The SDK ships only via Swift Package Manager. CocoaPods and Carthage are not published — fewer integration paths means fewer surfaces to keep audited.
▸Initialize Respectlytics in Swift (iOS)
import Respectlytics
@main
struct MyApp: App {
init() {
Respectlytics.configure(appKey: "<YOUR_APP_KEY>")
}
var body: some Scene { WindowGroup { ContentView() } }
}
Call configure once at app launch — typically in your App struct's init. No Info.plist keys are required: the SDK does not call ATTrackingManager and does not request the IDFA, so NSUserTrackingUsageDescription should NOT be added.
▸Track the event in Swift (iOS)
import Respectlytics
import StoreKit
// In your StoreKit 2 transaction observer:
Task {
for await result in Transaction.updates {
guard case .verified(let transaction) = result else { continue }
if transaction.revocationDate == nil &&
transaction.offerType == nil &&
transaction.originalID != transaction.id {
// No introductory offer + originalID != id → renewal of a previous trial = conversion.
Respectlytics.track("trial_conversion")
await transaction.finish()
}
}
}
The conversion detection is approximate from the client. The most reliable signal is server-side via App Store Server Notifications V2's DID_RENEW with offerType absent on the new transaction.
✦Privacy & implementation notes
If both your client and your backend listen to billing events, ensure exactly one of them fires the analytics event — usually the backend, because it sees the authoritative webhook even when the user has closed the app. Double-firing produces conversion rates above 100%, which always looks more dramatic than the bug actually is.
Treat trial conversion as two separate metrics with separate systems of record: the product engagement signal (Respectlytics, session-scoped) and the revenue signal (your billing system, per-user). Asking analytics to do both ends with neither being trustworthy.
Apple rejected approximately 3% of apps in 2024 for incorrectly omitting NSUserTrackingUsageDescription when ATT was required by the SDKs they shipped. Respectlytics doesn't trigger ATT. The corollary is also true: do not add the key on Respectlytics's account — its presence implies you track across apps, even if your code never calls requestTrackingAuthorization.
Internally the Swift SDK uses Swift Concurrency: events are queued in an actor-isolated buffer (RAM-only), flushed on a 30-second timer and on UIApplication.willResignActiveNotification. Force-quit before flush drops queued events — by design. There is no UserDefaults or file backing.
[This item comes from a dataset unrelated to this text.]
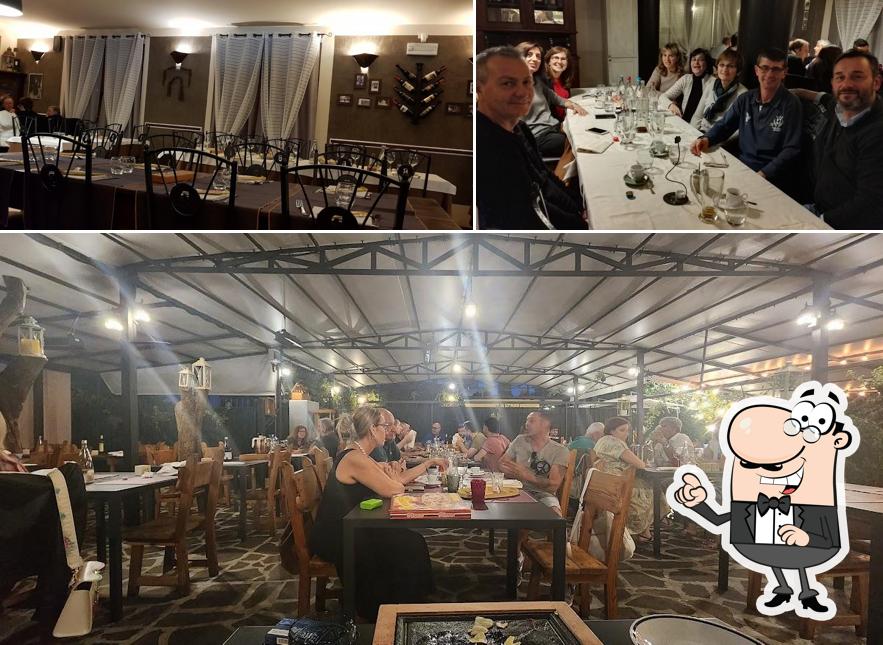 La immagine di interni e tavolo da pranzo da Trattoria Brea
⇋How this compares to other analytics SDKs
| Trial conversion event | Firebase Analytics | Mixpanel | Respectlytics |
|---|---|---|---|
| Per-user revenue attribution | Yes | Yes | Out of scope (use billing system) |
| Transaction ID stored | Yes | Yes | Rejected by API |
| Renewal amount / currency stored | Yes | Yes | Rejected by API |
| Plan ID stored | Yes | Yes | Use distinct event_name per plan |
| Useful for product funnel? | Yes | Yes | Yes (session-grouped) |
| Useful for revenue forecasting? | Yes | Yes | No (use billing system) |
❓Frequently asked questions
Where should this event fire — client or server?
If your client gets a verifiable in-app receipt (StoreKit, Billing Library), the client is fine. If you rely on RevenueCat / Stripe webhooks for the source of truth, fire from your backend after the webhook resolves — using your server-side Respectlytics SDK or REST call. Don't fire on both — you'll double-count.
What if the user converts via a desktop web flow, not in-app?
Fire from your backend when the conversion completes — tagged with the platform field set to whatever channel produced it (platform: web). The session ID for backend-fired events is generated server-side and rotates the same way.
How do we handle different plan tiers (basic, pro, team)?
Distinct event names per tier: trial_conversion_basic, trial_conversion_pro, etc. Keep tier count modest; bucket long tails as _other.
What about double-counting if the user converts and then refunds within 24h?
Don't try to retract the analytics event. Your billing system has the refund data. The product question is "how many trials converted at all?" — that's what trial_conversion measures. Refund analysis happens against the billing system, not the analytics pipeline.